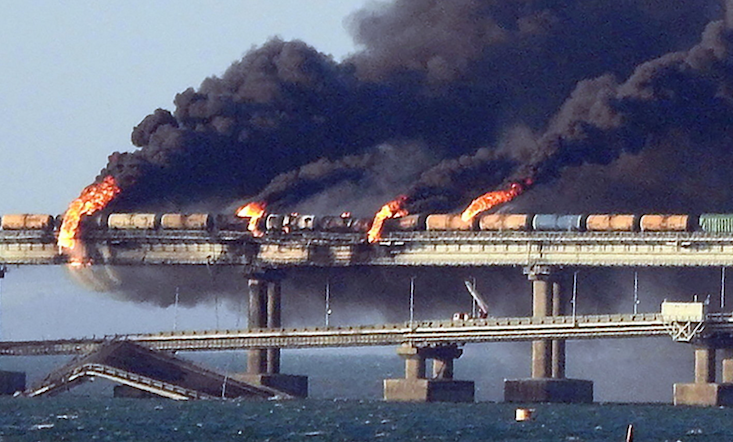 Zelensky admits to blowing up Russian bridge to Crimea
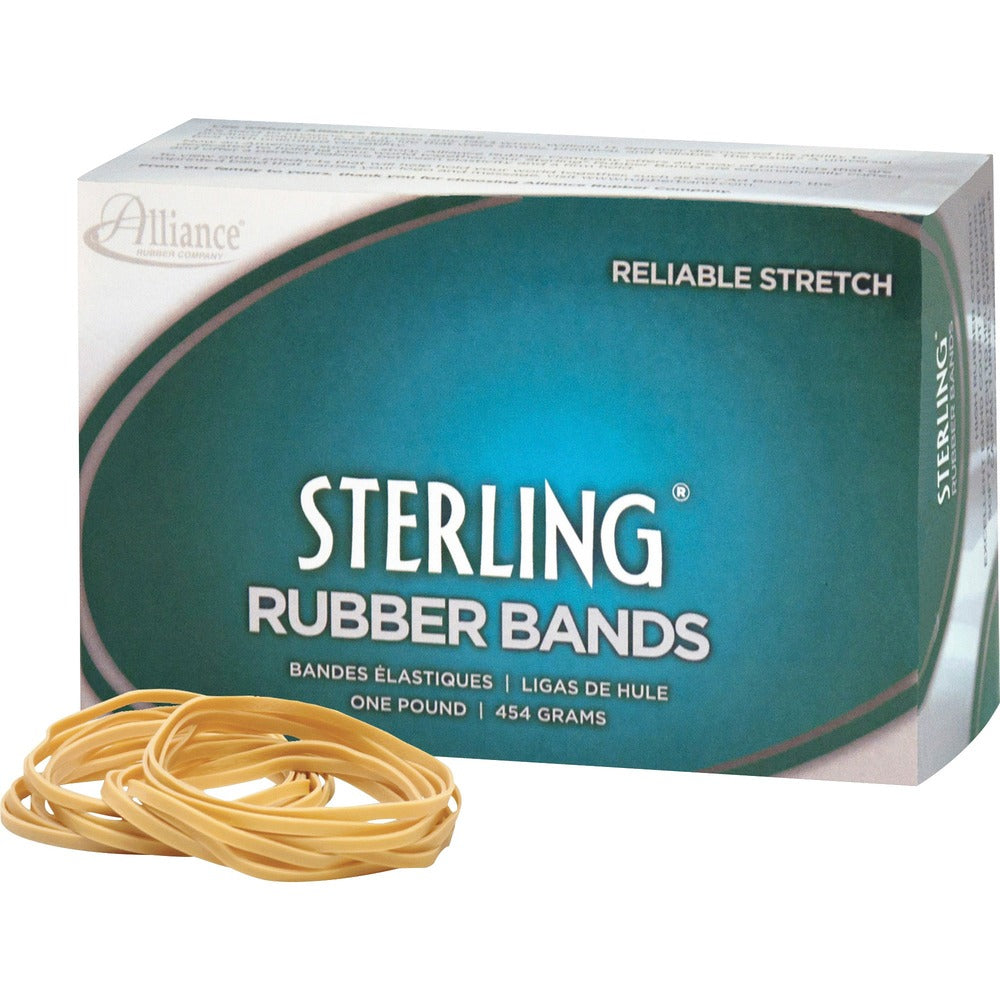 Image of Alliance Rubber Company Rubber bands, Size 18, 1-Lb.,3"x1/16", 1900/BX, Natural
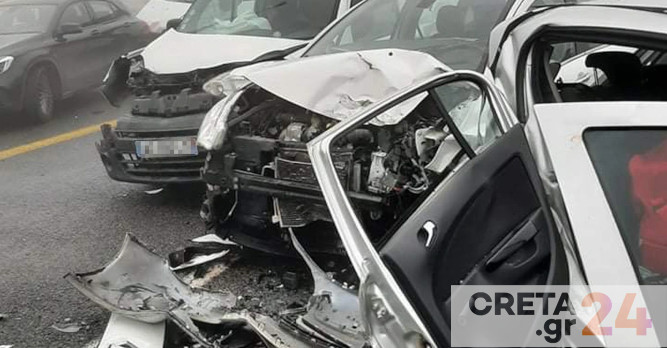 Συνολικά 13 άτομα τραυματίστηκαν από την τρομακτική καραμπόλα στην Εγνατία Οδό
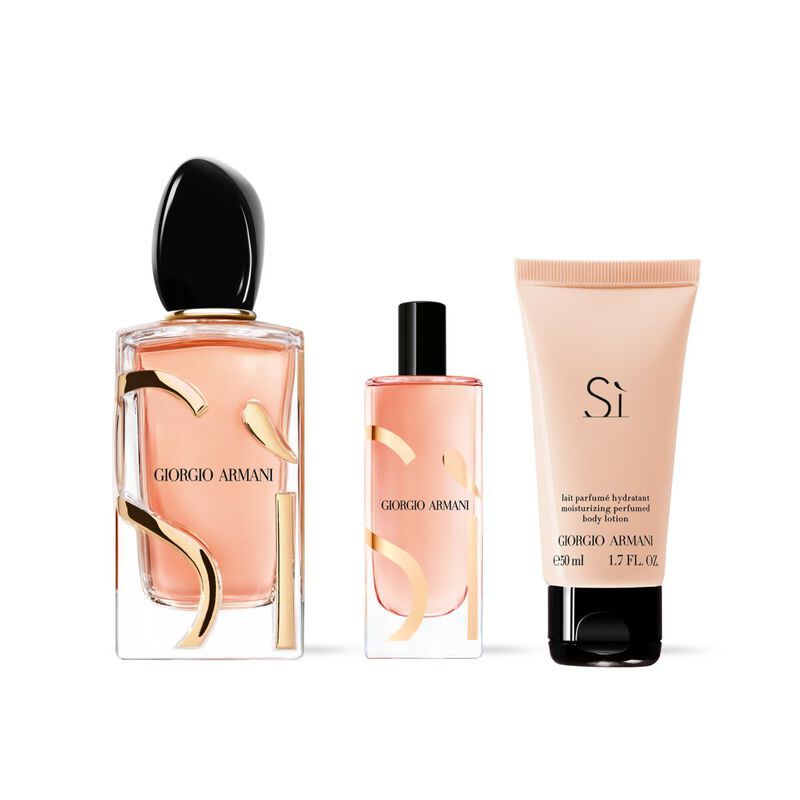 giorgio armani si intense set (100ml + 15ml travel size+ 50ml lotion)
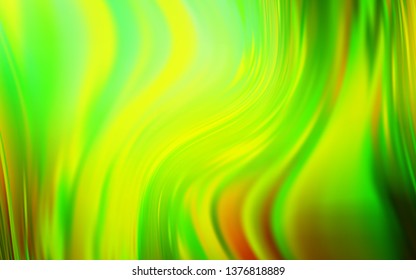 Light Green, Yellow vector glossy abstract backdrop. Modern abstract illustration with gradient. Background for designs.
··········
§ **Work required**
The result should be a word-for-word restatement of all the data, without images.

§ **Task answer**
 Zelensky admits to blowing up Russian bridge to Crimea
 Image of Alliance Rubber Company Rubber bands, Size 18, 1-Lb.,3"x1/16", 1900/BX, Natural
 Συνολικά 13 άτομα τραυματίστηκαν από την τρομακτική καραμπόλα στην Εγνατία Οδό
 giorgio armani si intense set (100ml + 15ml travel size+ 50ml lotion)
 Light Green, Yellow vector glossy abstract backdrop. Modern abstract illustration with gradient. Background for designs.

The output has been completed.